特許関連の出願手続きには膨大な書類が必要であり、高度な知識も問われます。知識のない事業者やメーカー担当がこなそうと思っても難しいでしょう。また一字の誤字、一点の書類不備があるだけで却下されることもあります。 手続きに時間がかかれば業務に大きなロスが生じるため、 スムーズに手続きを完了させるためにも弁理士のようなプロフェッショナルに任せたほうが合理的なのです。

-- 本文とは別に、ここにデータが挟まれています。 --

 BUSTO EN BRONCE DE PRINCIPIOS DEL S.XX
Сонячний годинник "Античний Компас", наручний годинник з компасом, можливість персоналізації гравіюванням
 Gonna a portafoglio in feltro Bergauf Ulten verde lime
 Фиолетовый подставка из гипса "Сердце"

弁理士の仕事は書類作成だけではありません。審査を通過するにはどのような申請内容であるべきか企業・メーカーにアドバイスすることも大切な業務です。書類を出して終わりではなく、審査を通過するところまでサポートする役目を持っています。さらには、一度出願して通らなかった特許の再出願作業も担います。 再出願で審査を通過するケースも少なくありません。そんなに苦労して特許を勝ち取ったときこそ、弁理士としてのやりがいを感じるときといわれます。

企業内弁理士の働き方

弁理士の働き方は、特許事務所だけにあるとは限りません。知的財産は企業活動とも密接に関わるため、知的財産部というセクションを設けて
専門職を養成する企業・メーカーもあります。弁理士資格の取得後、企業の知的財産部門に就職し、企業内弁理士として活動する方も珍しくありません。

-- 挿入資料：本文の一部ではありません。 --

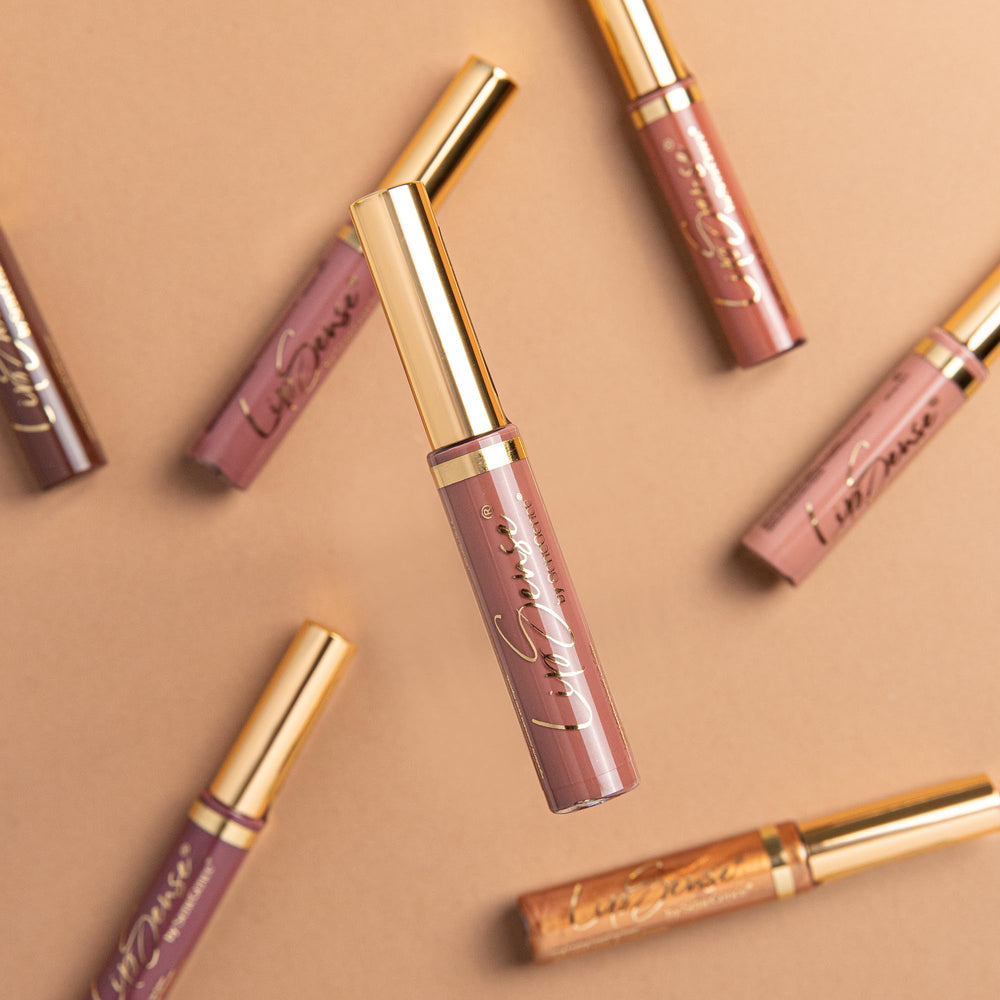 SeneGence LipSense packaging tube display highlights convenient shade selection.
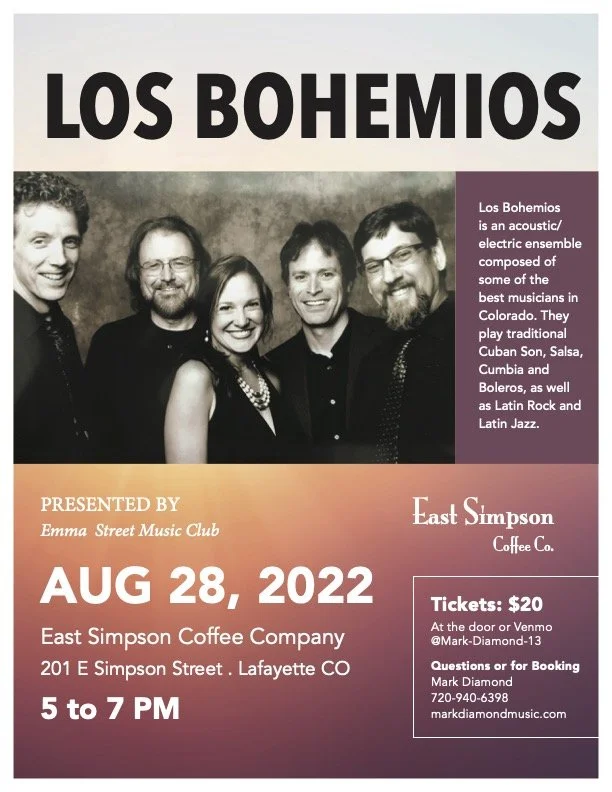 Los Bohemios (paid event)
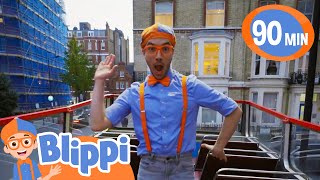 So Long London  Blippi Songs 🎶 Educational Songs For Kids [upl. by Dnaltiak]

企業内弁理士の仕事は、特許書類の作成と特許庁への申請業務がメインです。登録に関連する業務も行います。日本は先願主義を採用しているため、特許権や意匠権、商標権は先に出願されたものが優先的登録となります。また、過去に出願されたものと類似が認められる場合は拒否される可能性が大です。出願内容には独自性があることを主張し、権利化に結び付けるのが弁理士に求められる役割です。

独立開業の働き方

独立開業の働き方がほかのふたつと違うのは、すべてひとりで業務をこなす必要があることです。明細書作成、期限管理、年金管理など、仕事内容は多岐にわたります。特許事務所勤務だと、期限管理や年金管理などを任されることはほぼありません。独立開業ならではの仕事といえるでしょう。

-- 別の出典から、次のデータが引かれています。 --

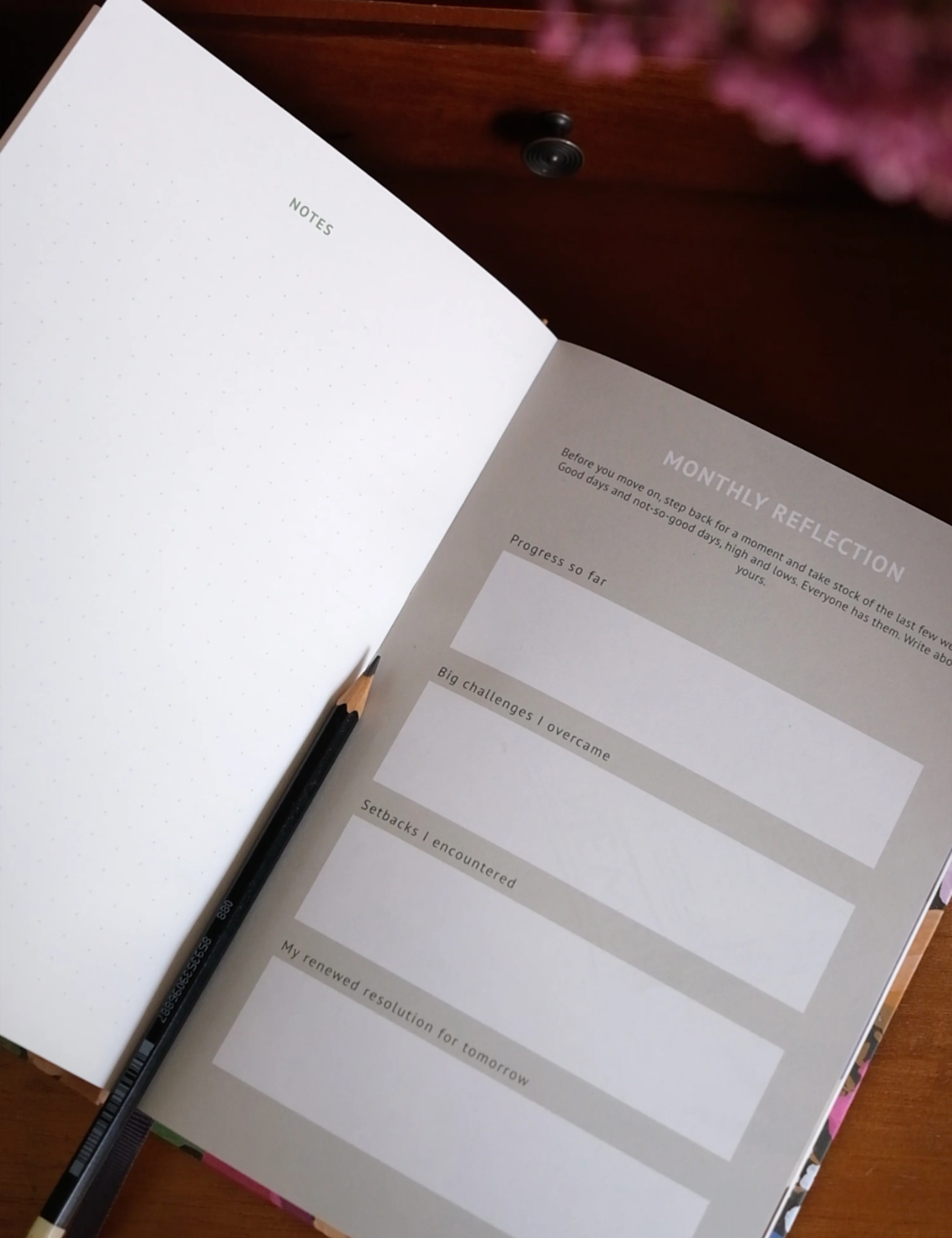 Undated Yearly Planner | Midnight Garden - Image 11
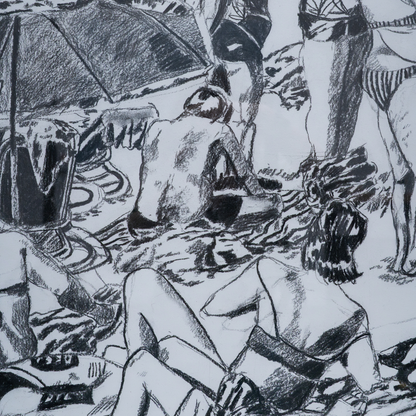 Beach series 2, 70x100cm, Jessica Gobert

独立開業のメリットは、特許関連の業務に縛られることなく、セミナー講師、講演、本の執筆、メディア出演など行動力と営業力次第で仕事の幅を広げられるところです。事務所の経営方針を決めるのも自分自身。特許出願をお願いしたい企業、研究者は、日本のみならず海外にも存在します。
英語スキルと行動力があれば、海外マーケットも視野に入れた事業展開も可能でしょう。より自由に、よりアクティブに動けるのが独立開業の働き方の魅力です。